The masked Islamic State militant known as "Jihadi John", who has been pictured in the videos of the beheadings of Western hostages, has been named, BBC reports.
He is Mohammed Emwazi, a Kuwaiti-born British man in his mid-20s from west London, who was previously known to British security services.
Emwazi was believed to have travelled to Syria around 2013 and later joined IS, which has declared the creation of a "caliphate" in the large swathes of Syria and neighbouring Iraq it controls.
Emwazi first appeared in a video last August, when he apparently killed the US journalist James Foley. He was later thought to have been pictured in the videos of the beheadings of US journalist Steven Sotloff, British aid worker David Haines, British taxi driver Alan Henning, and American aid worker Abdul-Rahman Kassig, also known as Peter.

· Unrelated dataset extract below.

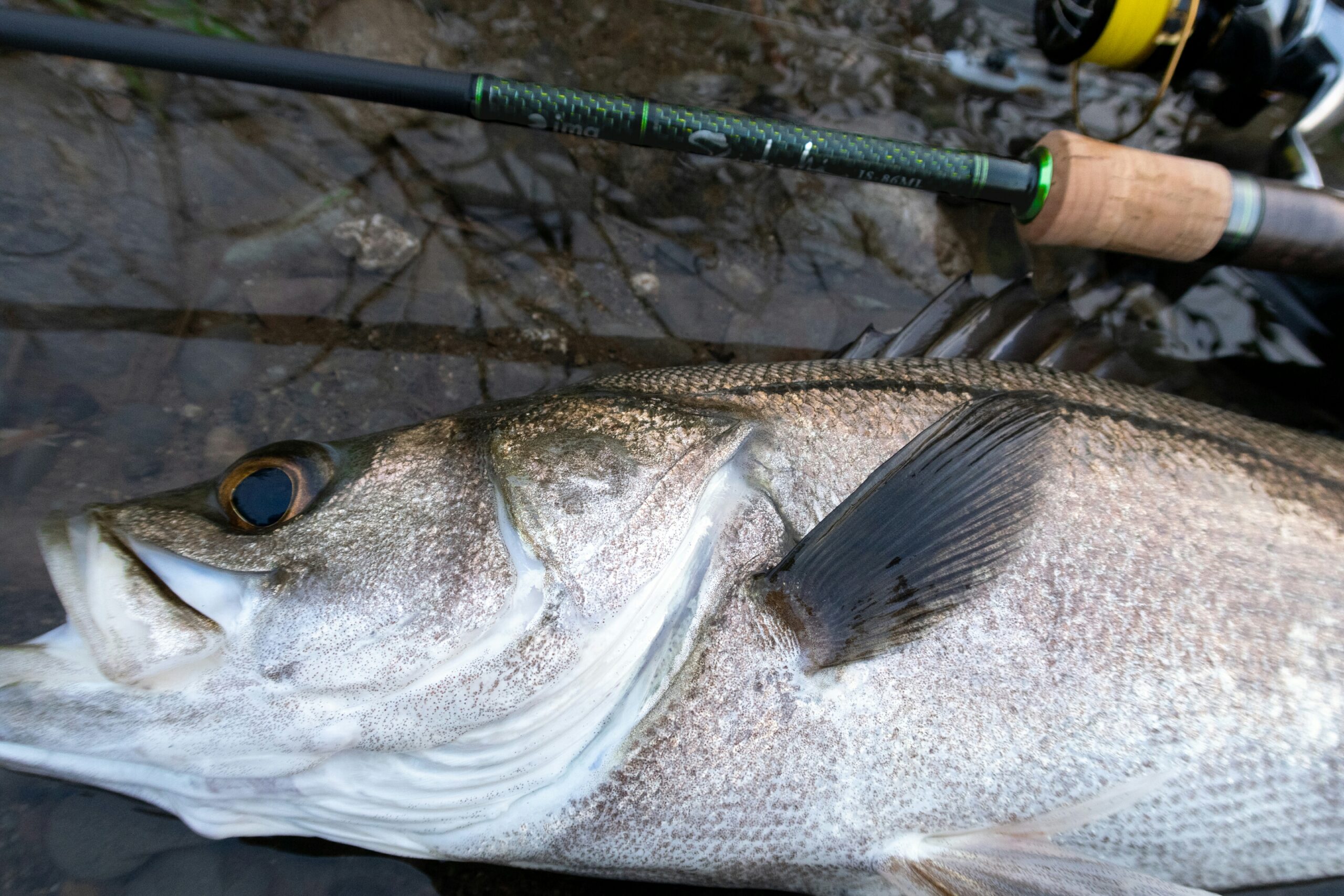 清流フィッシング㉗-シブミ86MLに日中の清流鱸入魂完了。- | やまやま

In each of the videos, the militant appeared dressed in a black robe with a black balaclava covering all but his eyes and top of his nose.
Speaking with a British accent, he taunted Western powers before holding his knife to the hostages' necks, appearing to start cutting before the film stopped. The victims' decapitated bodies were then shown.
Hostages released by IS said he was one of three British jihadists guarding Westerners abducted by the group in Syria. They were known collectively as "the Beatles".
A spokeswoman for British Prime Minister David Cameron would not confirm or deny the latest reports, adding that the police and security services were working hard to find those responsible for the murder of the British hostages.